Allgemein spricht nichts dagegen, so zu verfahren - Konflikte kommen in der Regel vor allem dann auf, wenn unterschiedliche Vorstellungen davon, was mit System XY geht oder nicht, aufeinanderprallen.
Klare Vorlieben und Abneigungen
Ich halte das meist relativ liberal. Das System sollte zugänglich sein und nicht stören, wenn es das tut, wird es geändert. Das bezieht sich auf alle Spielweisen und Situationen. Trotzdem würde ich für ein schnelles und unkompliziert-abstraktes System eher Barbarians of Lemuria wählen, z. B. - was allerdings nicht heißt, dass ich mir nicht vorstellen könnte, ähnliche Ergebnisse mit VoD zu erzielen. Letztlich kann die Art der Spielweise und die Bandbreite der Benutzung des Systems auch spontan im Spiel und durch die Gruppe festgelegt werden, wenn man keine Angst davor hat, dass Eingriff in die Heiligkeit der Autorenkonzeption automatisch Anarchie und Wahnsinn hervorruft.

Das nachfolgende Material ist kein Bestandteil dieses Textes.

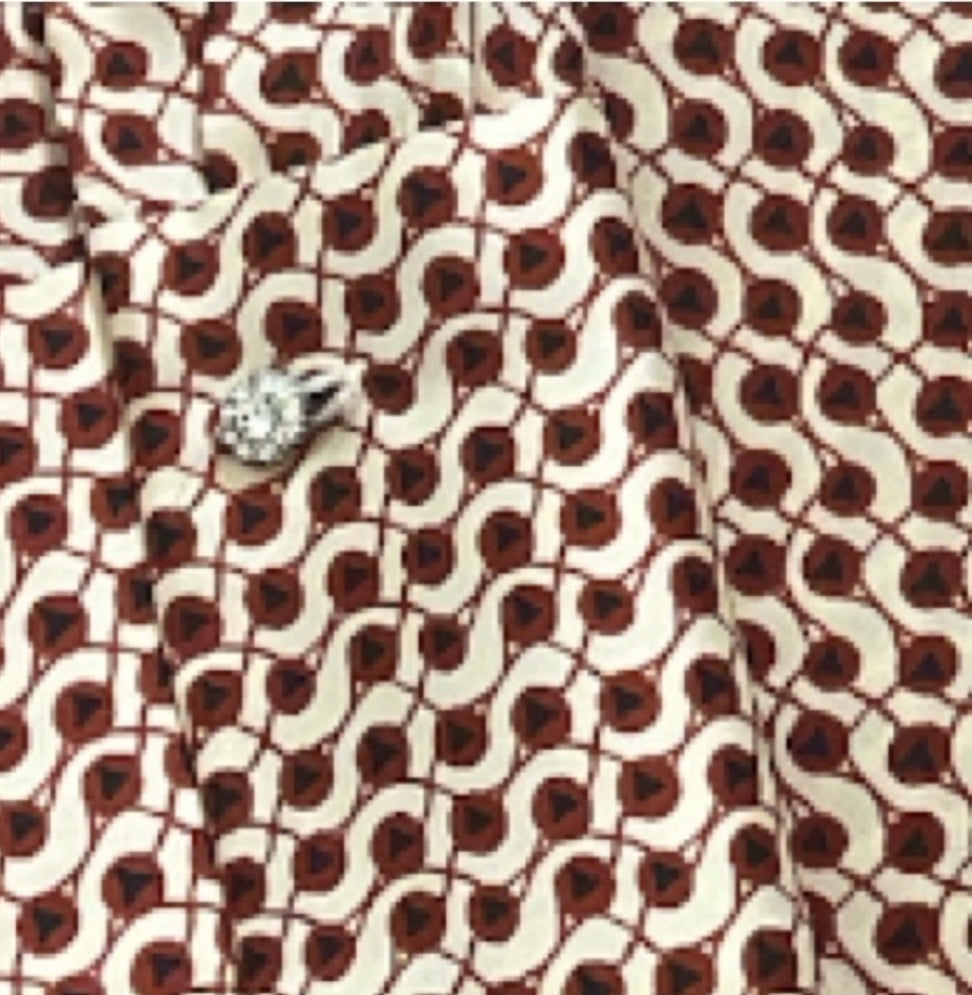 Zara Geometric Mock Neck Blouse (Medium)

Wieso gegen andere Spielweisen wettern, wieso sie aktiv ablehnen?
Hat wahrscheinlich ähnliche Gründe wie bei "wieso lässt man nicht freundlich gewähren?". Dazu komm vermutlich noch, dass man sich für sich selbst und in der Gruppe auf eine Spielweise von System / Rollenspiel XY geeinigt hat und zu hören, wie andere es völlig anders machen, Befremdung auslöst. Befremdung führt oft erstmal zu Ablehnung und zu dem Gefühl, das Gegenüber habe nicht richtig verstanden, wie man das Spiel spielen soll. Das kann zu langen Debatten führen, zu Vorschlägen Systeme zu benutzen, die das, was man da spielt, viel besser können - und bei Ablehnung solcher Hilfen dann gerne auch mal gerante über die Engstirnigkeit und Ignoranz der Leute, die das eben anders spielen wollen. Das Phänomen gibts auch in anderen Bereichen, habs sogar schon bei sowas Banalem wie Brettspielen erlebt (Risiko, Monopoly usw. sind da offenbar Anlaufstellen für krasse Grabenkämpfe, was die Regeln angeht).. wobei Rollenspiele in diesem Zusammenhang eigentlich nicht weniger banal sind.